LACMA has lent the Getty its Millet Norman Milkmaid. It's not quite a "guest masterpiece," as other construction loans have been billed, but its heroic worker makes a fitting companion to the Getty's Man With a Hoe. With the Milkmaid in near-silhouette, and probably darker than when it left Millet's easel, it has always been a "difficult" picture at LACMA. Under the Getty's skylights, it looks more luminous than I've ever seen it.

Jean-Francois Millet, A Norman Milkmaid at Gréville, 1871. LACMA

The Monet loan is a full-size oil sketch for a section of the Water Lilies panorama now in the Orangerie, Paris. 

Claude Monet, Weeping Willow and the Water-Lily Pond, about 1916-1917. Thames Art Investment Fund LLC

Comments

Anonymous said…
Thank God for the Getty.

Now that LA lacks a public museum of general scope and interest, a lot of the burden falls on the shoulders of Richard Meier's buildings next to the 405 in Brentwood.

I guess the Huntington on the other side of town is sort of that area's answer to the Getty.

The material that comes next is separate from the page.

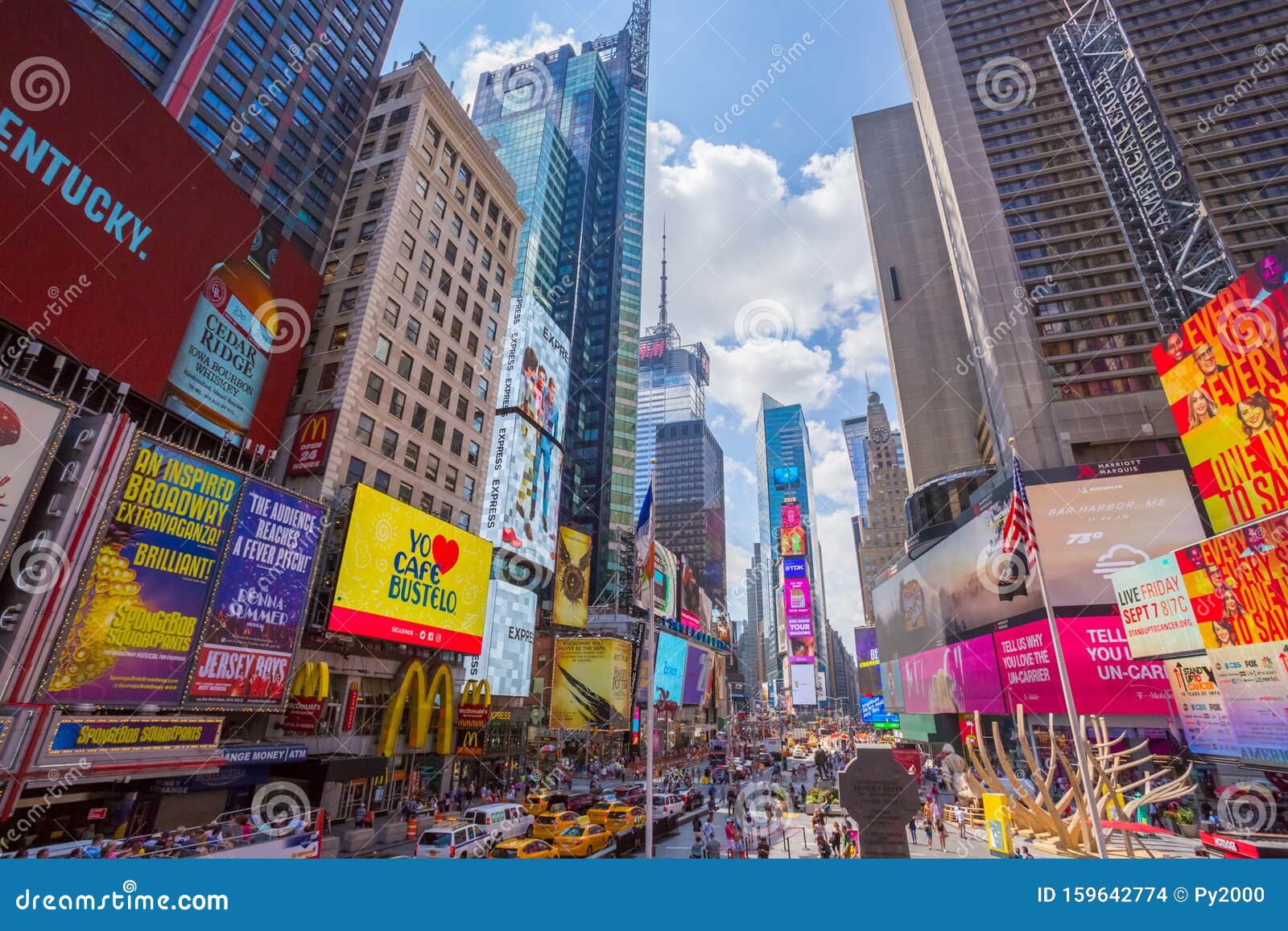 Нью-Йорк, Тайм-сквер редакционное стоковое изображение. изображение ...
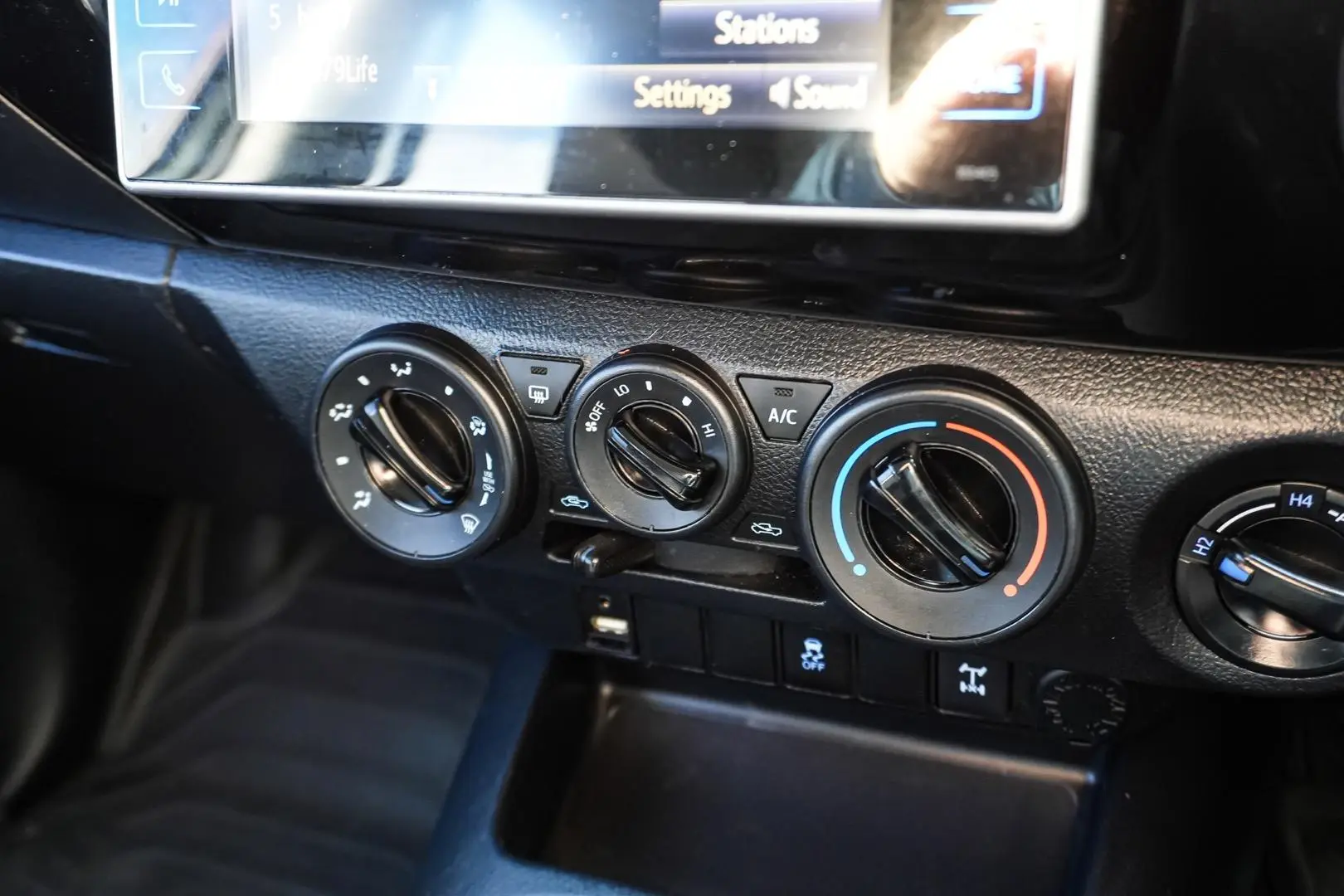 2018 Toyota Hilux Gallery Image 21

I wonder what type of draperies is favored by Peter Zumthor?
A lovely de Heem.
It's odd that the Centraal Museum's website still lists this work, now in the private Klesch Collection, as still in the museum's collection.
Classic de Heem sumptuousness in this picture, although I have no idea what the floral/foliate object is, positioned directly behind the overturned string instrument (which is what?: a lute or mandora? [I'm sure I'm wrong]).
Although the Centraal Museum now has no de Heem remotely as beautiful as this restituted work, they are full to bursting with other contemporaneous masterworks of the genre.
The story here is not that the rightful heirs were granted their painting back, but that it took the Dutch government nearly 75 years to do so. The Dutch need to work harder.
The Nazi war is hardly over, on many levels, still, and Europe this week ascends into war again. Let us hope we all survive this one.
The Monet Weeping Willow oil sketch is just a wow, and I'm normally not a fan of his pond-centric confections. The huge areas of vertical dark striping bring to mind Clyfford Still. There's a beautiful one at LACMA (PH-143) of 1955. I think it's living at Broad right now, for the time being.
Anonymous said…
^^^The shoulders of Richard Meier???

LOL. Go look for Meier now.

... As for his buildings, like his reputation, they have NOT aged well.

Look at the Getty:

The entrance to the museum is a failure. See the blank wall to the right.

On sunny days, the courtyard is too bright and uninviting.

The temporary exhibition gallery seems like an afterthought.

For a billion dollars, the Getty Center should have been a masterpiece of Postwar Architecture. But you wont find it on any list of masterpieces. The most recent one appeared in the New York Times (August 2021). A Zumthor building made that list.
Anonymous said…
"A Zumthor building made that list."


I wonder if he prefers draperies made of cotton or polyester?
Anonymous said…
To the anonymous person always commenting here about “LACMA-Govan-Zumthor-draperies” what is your problem? Hahahaha
Anonymous said…
^^^The Getty Museum is due for an Annabelle Selldorf makeover.

She is the architect museums bring in to correct their flawed entrances and other architectural idiosyncrasies.

The Getty's entrance is particularly bad --- from the blank wall (with that strange cut-out) to that huge overhang over the doors.

There's also something odd about the entry sequence. When you exit the tram, the first vista is the small building with the museum restaurant/cafeteria. It's bad design.